そこを上手くついたつもりだろうが、だしに使うのはやめてほしい。
「明日夢、お前は仕事は決まったのか?」
「まだこれから。でも今受けてる会社の2次面接まで残ってる」
「ほぉ、そりゃ頑張ったな」
相好を崩し、ぐしゃぐしゃと明日夢の頭を撫で回す島本。
「仕事が決まらないようなら、うちの婿としてこの道場を譲ってやってもいいと思ってたんだが…」
「だから婿は無理だって!!」
いつまでその冗談を引っ張るのかと、じろりと島本を睨む。
「婿じゃなきゃ、嫁に行くのか?」
「え?」
突然まっとうなことを言い出す島本に、一瞬反応が遅れた。
「そりゃ…いつかはそうするだろうけど」
それなりに結婚に対する夢はある。
漠然とだが、30歳前には結婚したいな、とか。
「曽根はやめとけよ。あいつは一度執着したもんは死んでも離さねぇ。
一緒に血みどろの道を歩かされんのがオチだぞ」
だから誰もそんなこと言ってない、と否定しようとする明日夢。
それを封じるように、更に島本は続ける。
「共に戦えるだけの能力を持ち、自らの手を汚すことを厭うこともなく、返り血で身を汚しながらも輝き続けられる女。――――――お前は、あいつの理想そのものだ」


理想。

そういえば、曽根も確かにそんなことを言っていた記憶がある。
あなたは理想の人です、というようなセリフだ。

「勘弁して、本当……」
血みどろの道を歩く覚悟など持ち合わせていない。
そんな物騒な日常生活などごめんだ。

「お前がそっちの世界に足を踏み入れるってんなら応援してやっても良かったんだがなぁ…」
「応援しないで。お願いだから止めてください」
むしろそのために今日はここに来たのだ。

「師匠から組長さんになんとか言ってもらえませんか?
曽根さんが、もうこれ以上ちょっかい出してこないようにって」

極道は上下関係が大切。
さすがの曽根も、組長からの命令であればお遊びを辞めるだろうと。
そう思い、ここまでお願いしに来たのだが。
「最初に言ったろう。無理だ。
……どうしてもってんなら、話はつけてやるから、親父に直接直談判してみるか?」
「直談判、って……」
つまり、そのオヤジとは、あれか。大親分のことか。
自分の落とし前は自分で付けろと。
明日夢は隣に立つ太一の腕をそっと引いた。
「どうしよう太一。

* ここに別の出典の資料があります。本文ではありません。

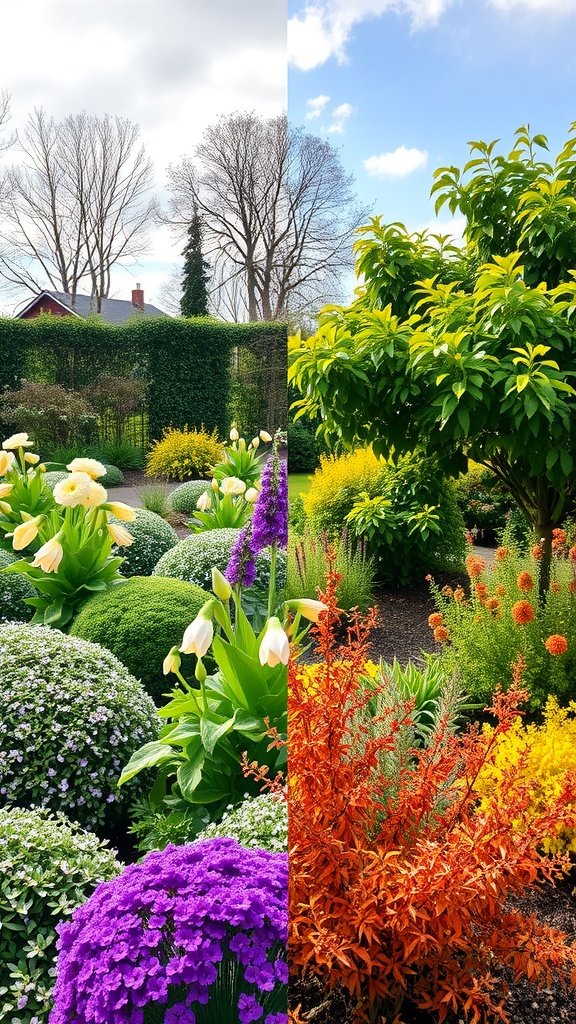 A split image showing a garden in spring with colorful flowers on one side, and a garden in fall with warm-colored foliage on the other.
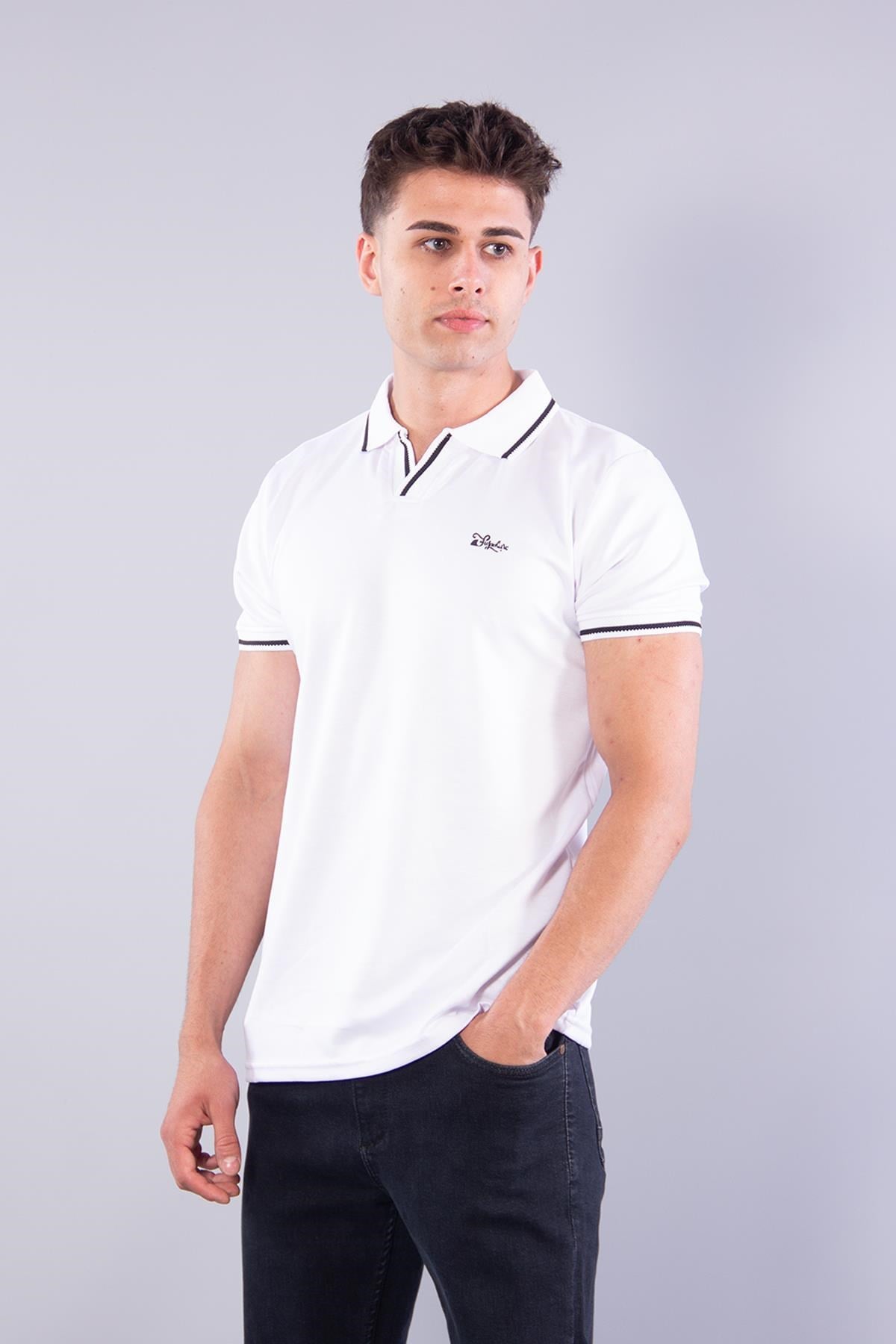 T-shirtmckanzie8381 V Pat Yakalı Modal Kumaş Yaka Kol Çizgili T-shirtkadınerkek
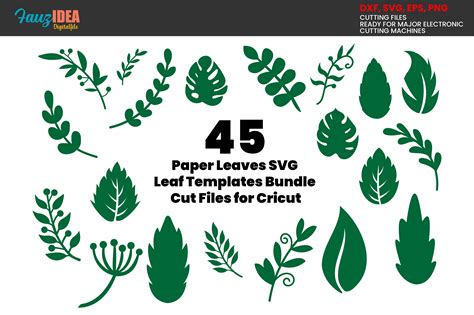 Download 45 Paper Leaves SVG Templates Bundle Files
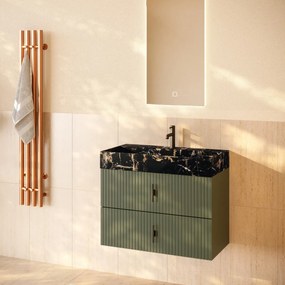 Muebles Murcia badmeubel ribbelfront 80cm legergroen met Portoro Gold wastafel met kraangat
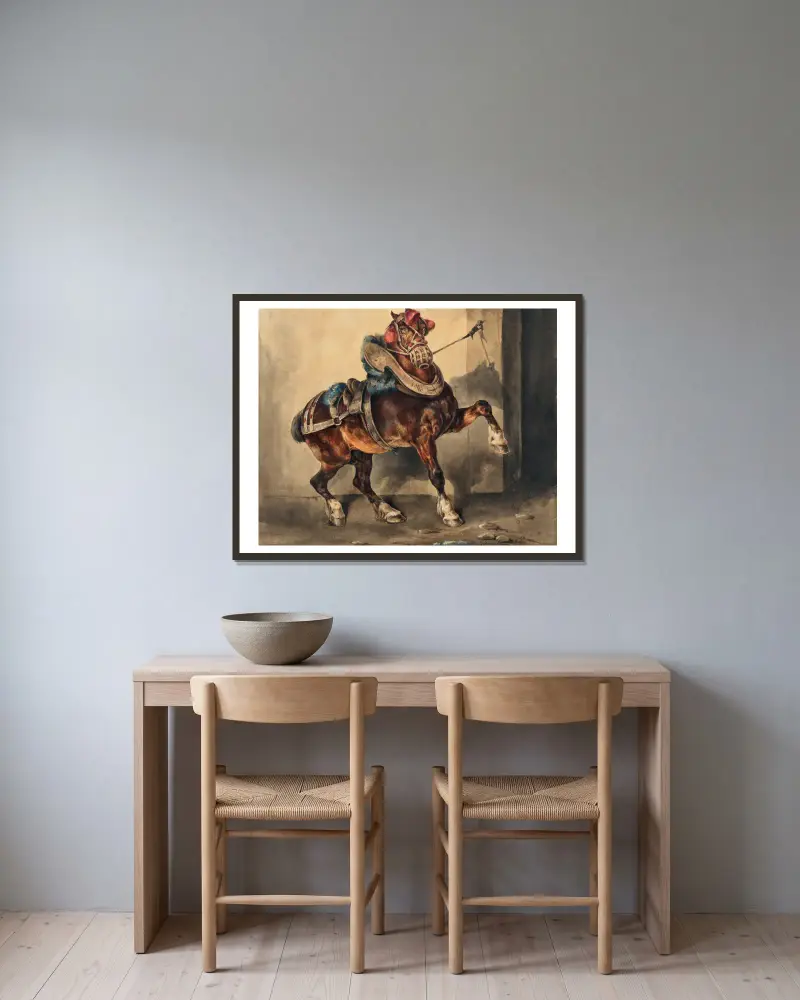 Le cheval du platrier (The Plastermaker’s Horse) av Théodore Géricault inramad på en vägg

布の服とひのきのぼうでラスボスに挑む勇者の気分なんだけど」
「……」
「鈍器…。鈍器と思えばイケる…?」
「――――お前、そこをリアルに考えるなよ」
例えだったはずが、実際の戦闘に置き換えてシュミレーションを始めた明日夢に呆れかえる。
「だって!!」
「ヤクザの親分をひのきのぼうで殴り倒したらそれこそ大問題だぞ」
「あ」
確かにそれもそうだ。
「そもそもなんでやり合う前提なんだよ…」
はぁ、と深いため息をつく太一。
ごめん、それが私だと諦めて欲しい。
「オヤジさん、その親分さんってのは話のわかる人なのか?」
「まぁ、物分りの悪いタイプではないと思うが…。曽根の奴が本気だとしたら、そう簡単には手放さんぞ」
「組長さんの命令でも?」
「あいつは、いざとなれば一人でも生きていけるだけの力と勢力を持ってるからな」
造反することも容易い、と。
さすが恐怖の大魔王。
生半な覚悟では退治できそうにない。
「装備を……エクスカリバーを下さい」
「床の間の日本刀なら持って行ってもいいぞ」
「…ちょっとまって、あれ本物!?」
偽物だと思ってた、と慌てて道場の奥に飾られた刀の鞘を見る。
「当たり前だろ。ちゃんと手入れをしてるから、骨までキレイに断ち切れるぞ」
包丁の通販番組のようなセリフだが、この場合キレイに切れるのは魚の骨ではなく、人骨だ。
「洒落にならん……」
冗談すら通じないこの脳筋、どうしてくれようか。